### PROVIDED RECORDS

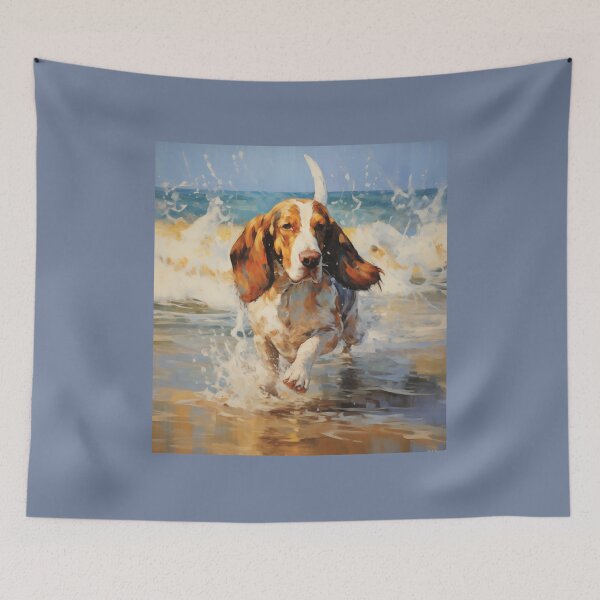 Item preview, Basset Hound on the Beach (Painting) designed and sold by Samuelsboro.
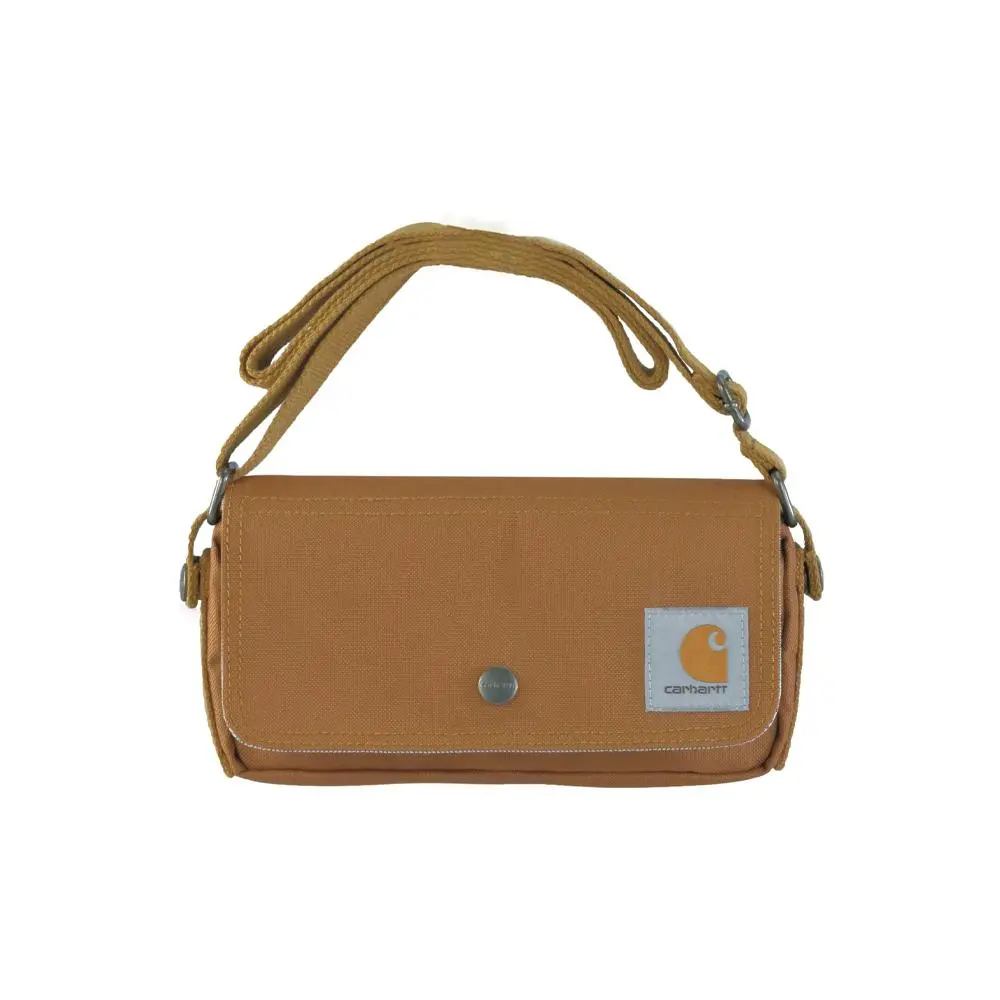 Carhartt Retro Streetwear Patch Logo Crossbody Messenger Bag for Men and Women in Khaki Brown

...

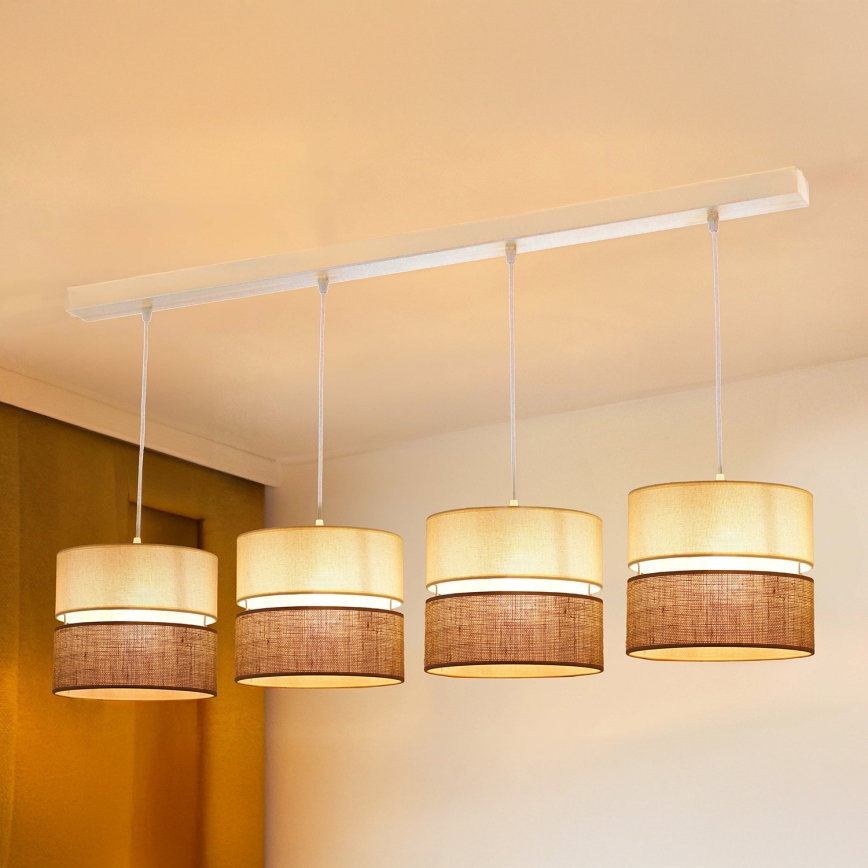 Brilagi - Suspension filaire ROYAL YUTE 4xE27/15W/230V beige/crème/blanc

--

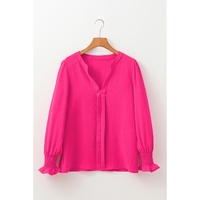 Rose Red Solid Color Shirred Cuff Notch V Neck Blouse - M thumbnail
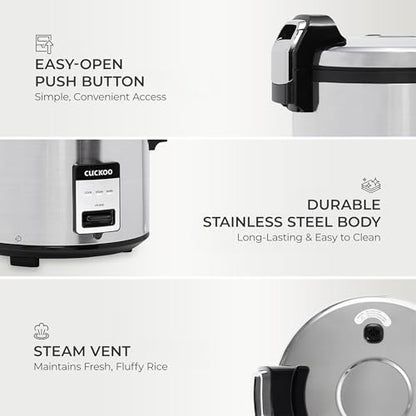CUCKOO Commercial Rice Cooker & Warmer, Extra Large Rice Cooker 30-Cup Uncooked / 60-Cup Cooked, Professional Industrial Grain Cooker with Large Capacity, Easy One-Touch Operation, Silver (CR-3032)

### TASK DESCRIPTION
Starting at the line above that holds "Item preview, Basset", repeat every line exactly down to and including the line that holds "Carhartt Retro Streetwear", then stop. Do not carry over any pictures.

### ANSWER FOR THIS EXERCISE
 Item preview, Basset Hound on the Beach (Painting) designed and sold by Samuelsboro.
 Carhartt Retro Streetwear Patch Logo Crossbody Messenger Bag for Men and Women in Khaki Brown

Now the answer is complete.